Keith Beauchamp, the filmmaker behind The Untold Story of Emmett Louis Till and a producer of the 2022 feature film Till, called the acquisition “significant” precisely because it holds both healing and pain. Preserving the barn, he argued, means acknowledging an American history many would prefer to forget.

Rhimes’ gift arrives at a moment when the United States is fiercely debating how — or whether — to teach young people about the history of racist violence. Book bans, attacks on diversity programs and efforts to limit discussions of systemic racism in schools have all intensified in recent years.

In that context, the acquisition of a lynching site through private philanthropy raises both hopeful and uneasy questions.

On one hand, the Rhimes Family Foundation’s investment offers an example of how wealthy donors can support grassroots, community-driven institutions rather than imposing their own narratives. ETIC has been doing the slow work of truth-telling and reconciliation in Tallahatchie County for nearly twenty years. Rhimes is stepping into an existing movement, not inventing one.

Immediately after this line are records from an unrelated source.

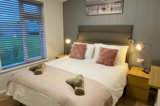 Walnut Lodge double bedroom - Florence Springs Luxury Lodges with hot tubs, Tenby, Pembrokeshire, South West Wales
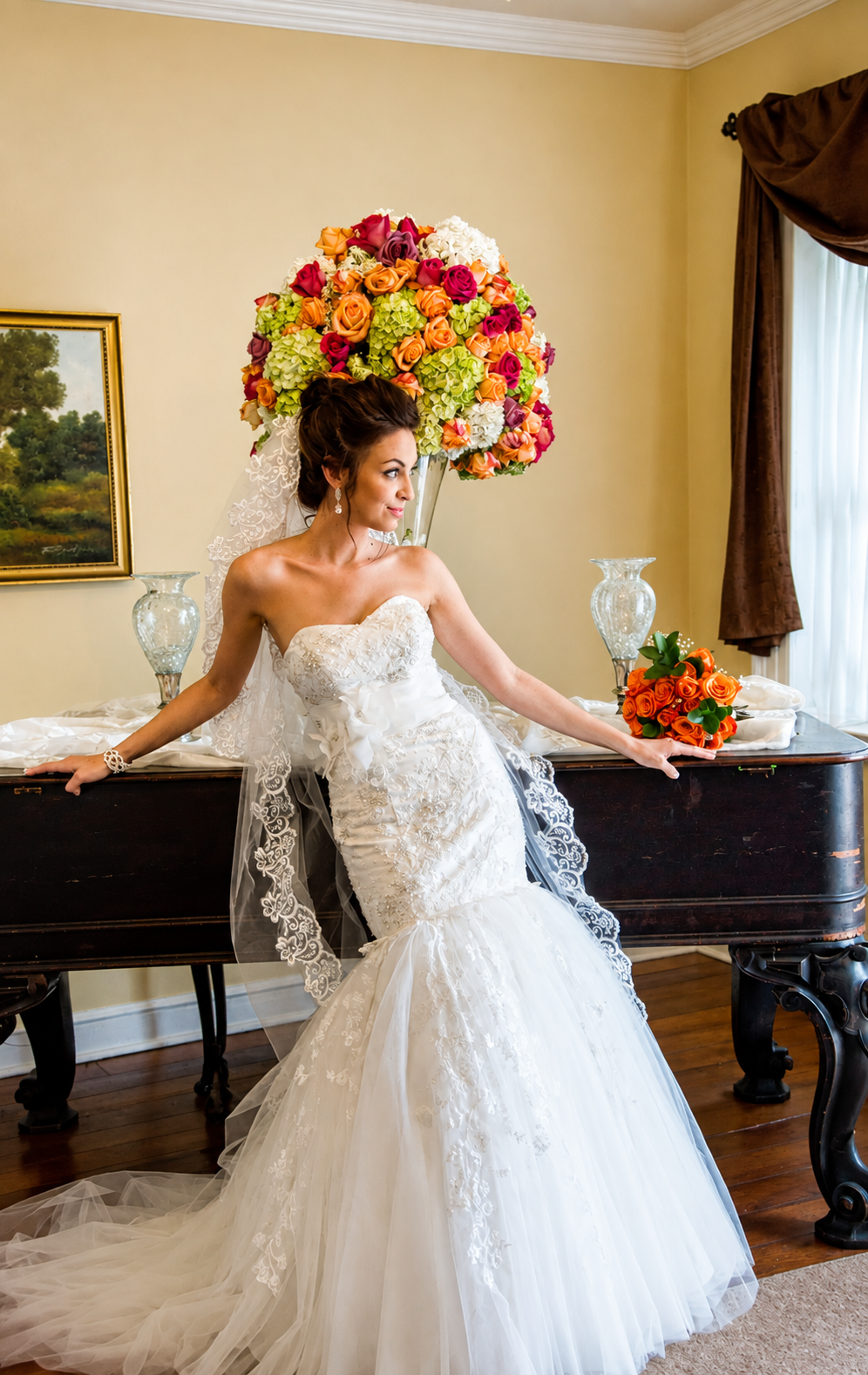 A bride in a strapless, lace wedding gown with intricate embroidery, standing in a room with a wooden sideboard. Behind her, a large floral arrangement with multicolored roses and hydrangeas. She is holding a bouquet of orange roses and looking to th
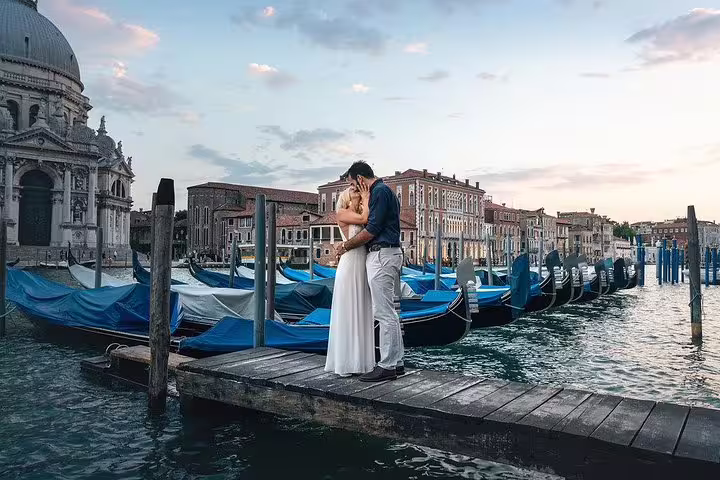 Romantic couple embracing on a Venetian dock with gondolas and historic architecture in the background at sunset.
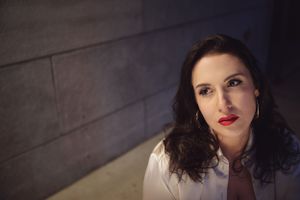 Portrait of person in white shirt against dark wall with dramatic lighting.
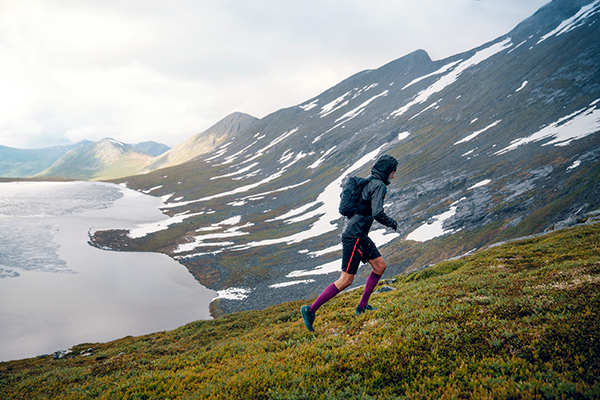 Trailrunner corre una montagna erbosa con il tempo piovoso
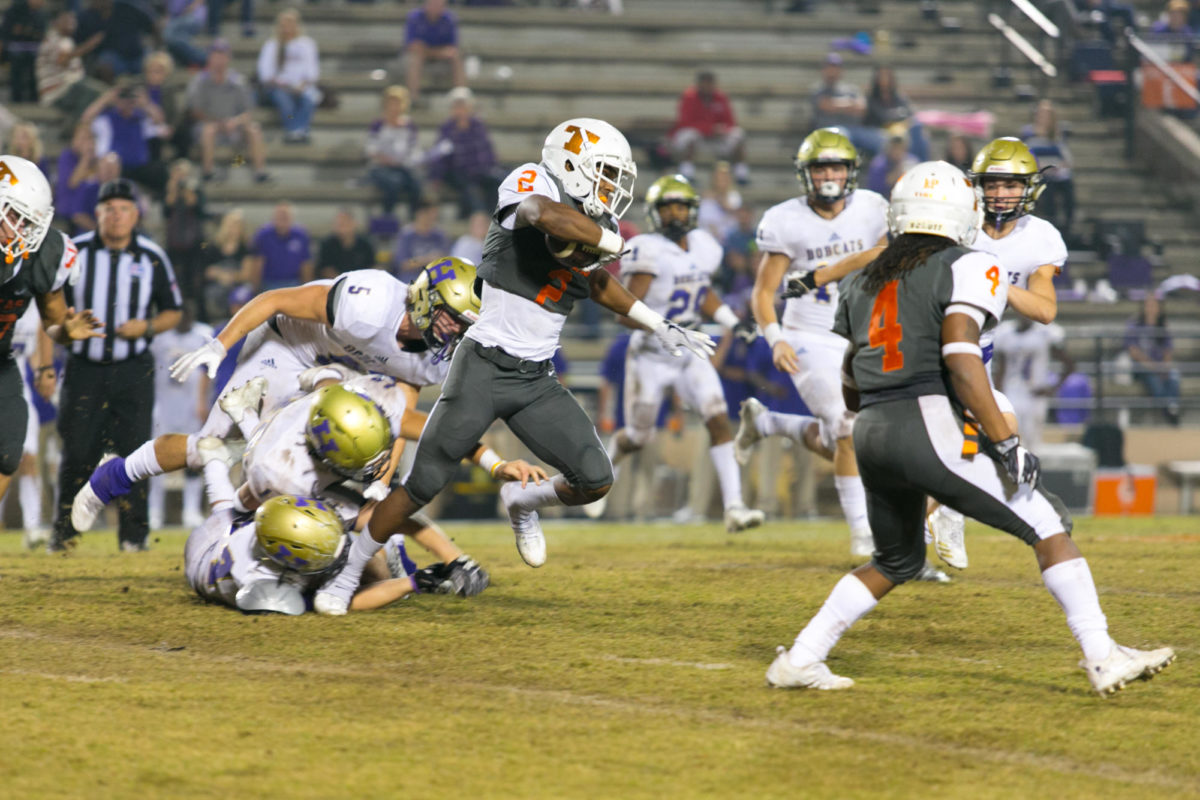 Hampton runs through a Hallsville defense in a game during his senior year. To this day, Hampton still holds records he set in place during his time here as a Tiger.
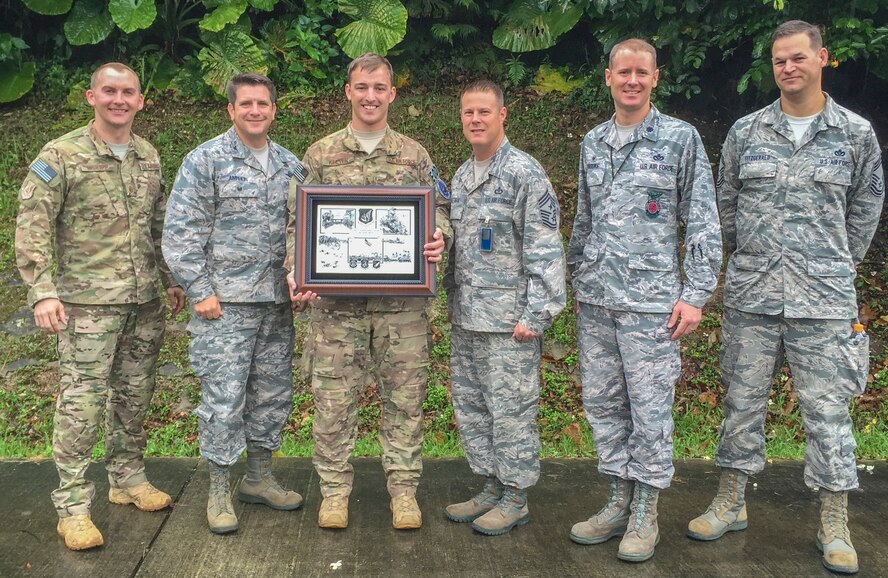 U.S. Air Force Staff Sgt. Aaron Keeter, 18th Civil Engineer Squadron NCO in charge of operations with the explosives ordinance disposal flight on Kadena Air Base, Japan, is presented with Pacific Air Forces’ NCO of the year award with U.S. Air Force Col. Christopher Amrhein, 18th Wing vice commander, and Chief Master Sgt. Charles Hoffman, 18th Wing command chief, as well as members of the EOD flight, May 11, 2016. Winning PACAF NCO of the year has placed Keeter in the running for the 12 Outstanding Airmen of the Year, an Air Force level award, denoting him as an NCO who leads from the front. (U.S. Air Force photo by Airman 1st Class Nick Emerick) 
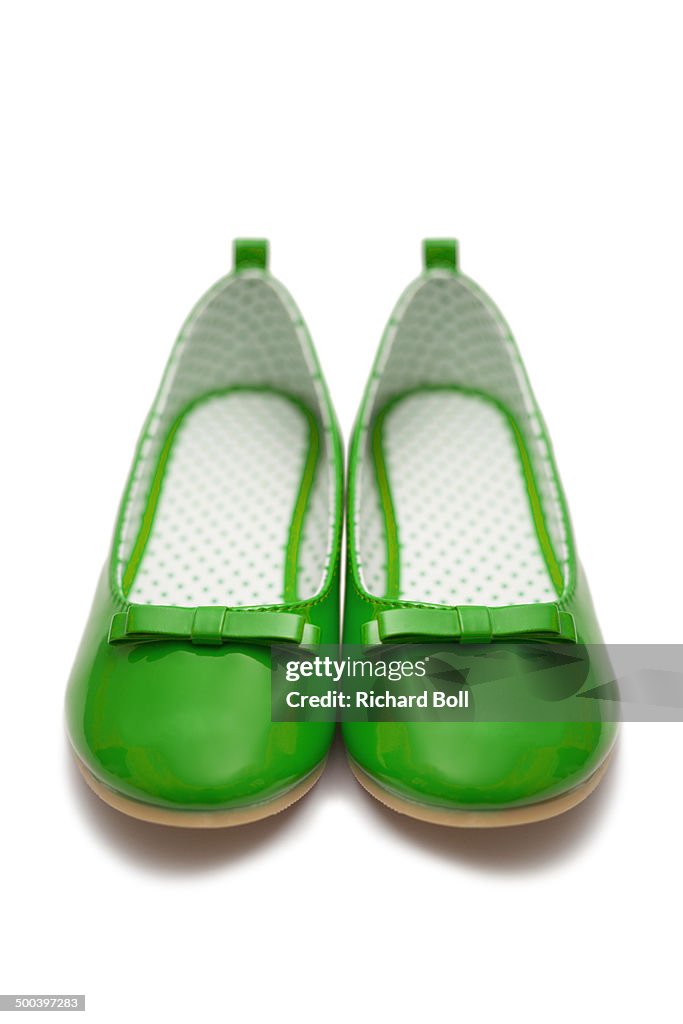 Green childrens shoes on a white background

On the other hand, the very fact that a civil-rights site as significant as the Till barn had to be “rescued” through a private fundraising campaign underscores the gaps in public will. The barn is not currently part of the official Emmett Till and Mamie Till-Mobley National Monument, though ETIC expects to coordinate closely with the National Park Service.

Davis Houck, director of the Emmett Till Archives at Florida State University, has described the privately funded purchase as a “most generous gift — to the community of Drew, to the state of Mississippi, and ultimately to the entire nation.” At the same time, he and others note that relying on philanthropy to secure truth-telling sites is inherently precarious.

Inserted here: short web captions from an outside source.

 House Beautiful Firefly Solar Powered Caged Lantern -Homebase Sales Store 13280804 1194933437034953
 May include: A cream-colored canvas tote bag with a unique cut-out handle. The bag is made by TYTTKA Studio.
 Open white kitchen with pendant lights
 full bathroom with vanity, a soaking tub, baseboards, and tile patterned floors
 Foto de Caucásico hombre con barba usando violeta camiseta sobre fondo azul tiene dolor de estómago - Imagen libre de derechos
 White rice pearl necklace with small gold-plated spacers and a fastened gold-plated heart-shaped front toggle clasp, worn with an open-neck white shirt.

Writer Wright Thompson, whose article first caught Rhimes’ attention and who later published the book The Barn: The Secret History of a Murder in Mississippi, frames it in terms of land. In the Delta, he argues, history is told — and erased — through who owns the fields, barns and houses: “Who owns it, who farms it, who lived and died on it, whose ghost is trapped in it.” Rhimes’ gift, he said, means “the dirt has been reclaimed, and once reclaimed, the slow process of cleaning the blood from it can begin.”

The barn outside Drew is still quiet. For now, there are no ticket booths, no glossy exhibits. But even in its present state, the building holds a different charge: it is no longer just a private structure where a crime took place, but a public site of conscience.

When it opens by 2030, visitors will be able to stand where Emmett Till stood, to feel the claustrophobic darkness described by students and historians who have been inside. They will arrive in a country where the photograph of his mutilated body, once published in Jet and the Chicago Defender, circulates on smartphones; where John Lewis’s description of Emmett Till as “my George Floyd” resonates in the wake of new videos of police killings.

What they encounter at the barn will depend on decisions being made now — by local residents, by the Till family, by educators, by the small staff of the Emmett Till Interpretive Center, and yes, by donors like Shonda Rhimes whose money can change what is possible.

Rhimes, for her part, has framed her involvement not as an act of celebrity rescue, but as a responsibility grounded in her vocation. She makes her living telling stories about power, justice and the lives of Black people onscreen. Here, in the Mississippi Delta, she is helping to ensure that one of the most important stories in American history can never again be pushed offstage.

The barn will never be just a barn again. It will be a place where the country comes to ask itself the questions ETIC poses in its own materials: How far have we come? How much work remains? And what does it mean, in this moment, to refuse erasure — to insist, as Mamie Till-Mobley once did when she ordered her son’s casket opened, that the world must see?